#### [The records]
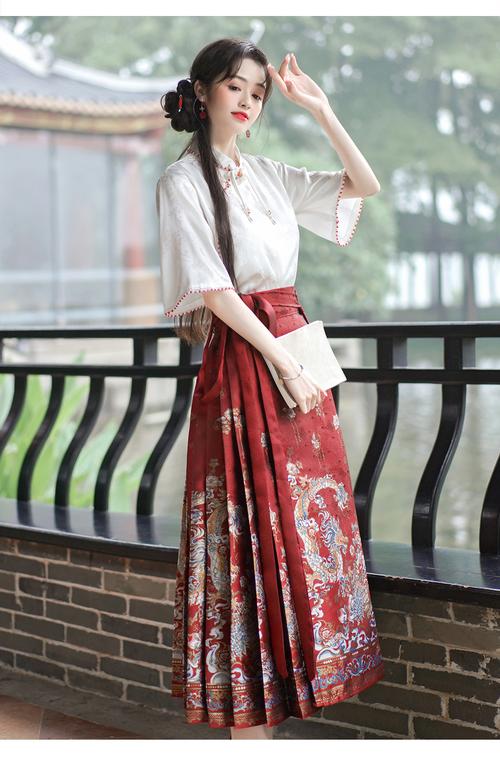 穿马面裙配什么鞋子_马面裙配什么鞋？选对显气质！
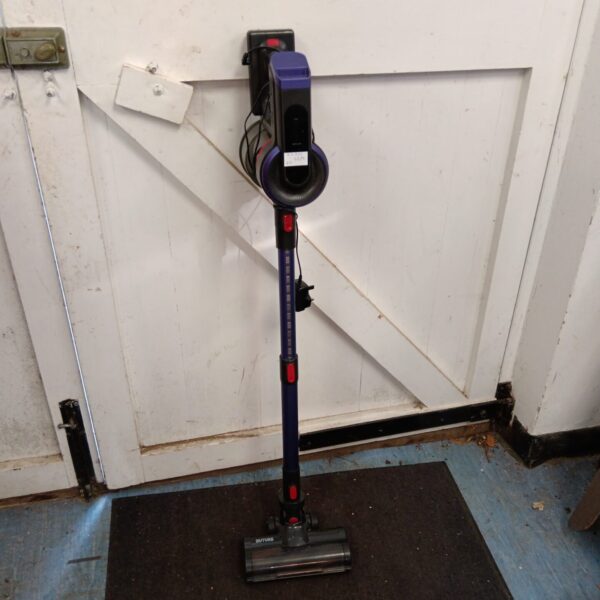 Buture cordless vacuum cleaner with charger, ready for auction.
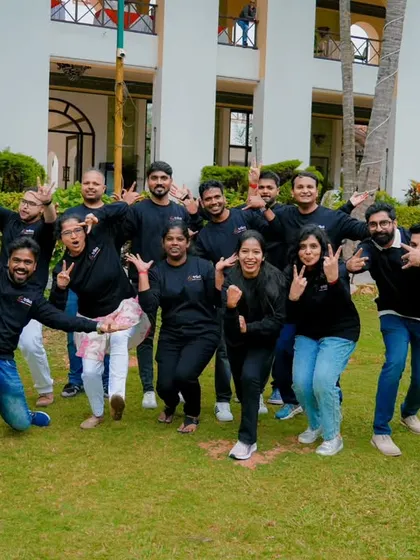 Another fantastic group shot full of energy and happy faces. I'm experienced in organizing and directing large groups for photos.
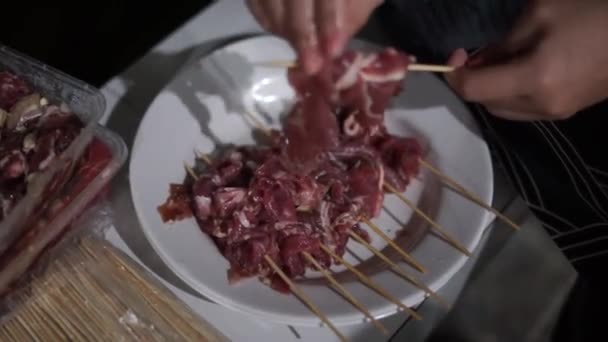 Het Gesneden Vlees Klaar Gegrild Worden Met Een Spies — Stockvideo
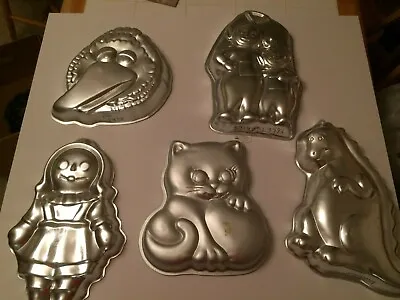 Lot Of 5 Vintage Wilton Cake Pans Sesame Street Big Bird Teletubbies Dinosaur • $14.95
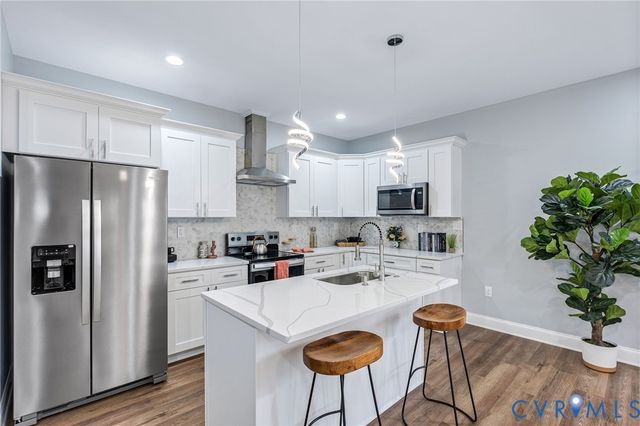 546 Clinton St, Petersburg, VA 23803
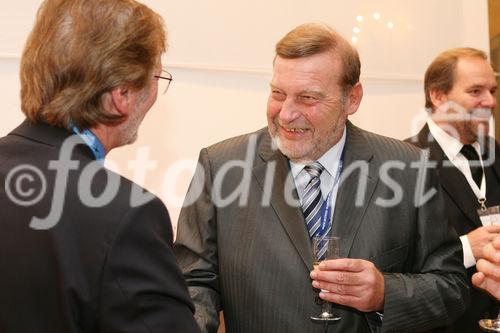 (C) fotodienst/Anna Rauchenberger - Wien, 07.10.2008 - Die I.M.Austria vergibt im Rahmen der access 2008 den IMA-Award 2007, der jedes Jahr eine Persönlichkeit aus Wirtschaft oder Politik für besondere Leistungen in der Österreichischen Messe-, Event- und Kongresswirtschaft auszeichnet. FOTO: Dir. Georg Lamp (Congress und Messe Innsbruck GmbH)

#### [Goal of the exercise]
With the pictures left out, return the listing above exactly as it stands.

#### [Solution to this task]
 穿马面裙配什么鞋子_马面裙配什么鞋？选对显气质！
 Buture cordless vacuum cleaner with charger, ready for auction.
 Another fantastic group shot full of energy and happy faces. I'm experienced in organizing and directing large groups for photos.
 Het Gesneden Vlees Klaar Gegrild Worden Met Een Spies — Stockvideo
 Lot Of 5 Vintage Wilton Cake Pans Sesame Street Big Bird Teletubbies Dinosaur • $14.95
 546 Clinton St, Petersburg, VA 23803
 (C) fotodienst/Anna Rauchenberger - Wien, 07.10.2008 - Die I.M.Austria vergibt im Rahmen der access 2008 den IMA-Award 2007, der jedes Jahr eine Persönlichkeit aus Wirtschaft oder Politik für besondere Leistungen in der Österreichischen Messe-, Event- und Kongresswirtschaft auszeichnet. FOTO: Dir. Georg Lamp (Congress und Messe Innsbruck GmbH)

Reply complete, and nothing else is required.